There should be no government sponsored charity

It came as a surprise to me to find that the government would be making cuts which may affect the funding that is received by charities. Not because I think it is terrible that charities may lose their funding but because I didn’t think the Government would be giving money to charities in the first place.

The problem isn’t with charities, nor with the Government helping people, but with mixing the two. Although charities are there to help people rather than make a profit I still consider them private organisations as they can, within the boundaries of the law, do what they like with the money which they collect, since people give the money voluntarily. The Government is the opposite, it must be accountable to the public and it is required to be elected because it forces people to give it money in the form of taxes. Mixing the two mixes up private charity with compulsory donations (taxes).

The government donating to charity means that politicians can take money off you against your will and give it to a charity which you wouldn’t otherwise support. If you wanted to give to that charity you could perfectly well make a donation yourself and if you wanted to give money to a different charity you could choose to do that. It’s your money so you should be the one to choose where it goes. Also, though this isn’t my main point, there will inevitably be bureaucracy involved in the Government giving money to charity and the fact that the Government has to guess which charities we want money to be given to.

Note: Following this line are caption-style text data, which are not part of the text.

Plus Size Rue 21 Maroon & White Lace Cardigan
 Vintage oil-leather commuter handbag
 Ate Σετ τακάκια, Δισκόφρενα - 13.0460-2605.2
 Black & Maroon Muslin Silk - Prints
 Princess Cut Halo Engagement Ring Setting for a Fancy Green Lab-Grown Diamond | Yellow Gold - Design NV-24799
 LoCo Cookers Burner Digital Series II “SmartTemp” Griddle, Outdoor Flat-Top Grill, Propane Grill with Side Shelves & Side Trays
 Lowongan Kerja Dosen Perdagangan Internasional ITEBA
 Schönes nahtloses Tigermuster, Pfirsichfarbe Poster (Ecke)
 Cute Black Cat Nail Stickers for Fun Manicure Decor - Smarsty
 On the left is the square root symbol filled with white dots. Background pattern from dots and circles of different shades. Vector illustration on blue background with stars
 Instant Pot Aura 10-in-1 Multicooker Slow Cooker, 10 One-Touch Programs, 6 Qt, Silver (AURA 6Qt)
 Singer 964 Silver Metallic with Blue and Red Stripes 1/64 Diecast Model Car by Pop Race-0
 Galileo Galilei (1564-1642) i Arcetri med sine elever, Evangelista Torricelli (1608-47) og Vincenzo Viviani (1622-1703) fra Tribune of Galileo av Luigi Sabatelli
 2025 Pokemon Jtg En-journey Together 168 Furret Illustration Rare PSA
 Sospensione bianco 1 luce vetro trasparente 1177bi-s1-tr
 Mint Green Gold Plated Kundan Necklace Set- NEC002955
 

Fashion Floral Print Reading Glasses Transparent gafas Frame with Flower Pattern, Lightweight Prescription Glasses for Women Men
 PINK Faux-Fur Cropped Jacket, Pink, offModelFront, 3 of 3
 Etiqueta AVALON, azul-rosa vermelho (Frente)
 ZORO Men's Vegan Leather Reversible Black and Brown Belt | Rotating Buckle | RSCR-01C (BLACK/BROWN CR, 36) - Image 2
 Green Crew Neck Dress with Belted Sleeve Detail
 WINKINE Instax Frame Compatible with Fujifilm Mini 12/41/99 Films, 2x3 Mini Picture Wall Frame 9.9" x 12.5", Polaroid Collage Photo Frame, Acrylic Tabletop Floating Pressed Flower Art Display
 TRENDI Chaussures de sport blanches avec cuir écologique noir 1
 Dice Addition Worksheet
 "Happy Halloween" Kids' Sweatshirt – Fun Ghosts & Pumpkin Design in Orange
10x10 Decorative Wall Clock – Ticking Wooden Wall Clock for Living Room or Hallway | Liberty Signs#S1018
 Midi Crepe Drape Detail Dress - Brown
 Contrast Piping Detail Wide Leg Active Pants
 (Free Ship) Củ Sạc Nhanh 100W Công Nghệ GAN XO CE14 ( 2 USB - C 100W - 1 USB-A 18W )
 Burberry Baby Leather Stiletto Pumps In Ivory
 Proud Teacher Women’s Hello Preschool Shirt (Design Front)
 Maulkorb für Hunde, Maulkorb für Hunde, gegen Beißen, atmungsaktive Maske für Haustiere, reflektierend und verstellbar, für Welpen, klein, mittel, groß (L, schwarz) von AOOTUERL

When there is market failure or a need for a monopoly in the voluntary sector of course the Government should get involved as it does in other markets such as defence but, it shouldn’t do this by giving our money to private organisations over which we have no control. Instead it should provide the services itself as it currently does with the NHS, education and the welfare so that the public retains control by being able to vote for the leaders. When the Government does use private organisations it should require a contract specifying what services will be provided for the money being given. However this will makes these “charities” indistinguishable from business.

We must remember that charity involves voluntary giving without the expectation of something in return. Taxes aren’t voluntary so the money the government gives isn’t given voluntarily. Whilst the individual doesn’t get anything in return for their money clearly society does (since this is the point of the charity) and the government is a representation of society. So we are really looking at the compulsory purchase of services which we may or may not want, in which this ceases to be charity.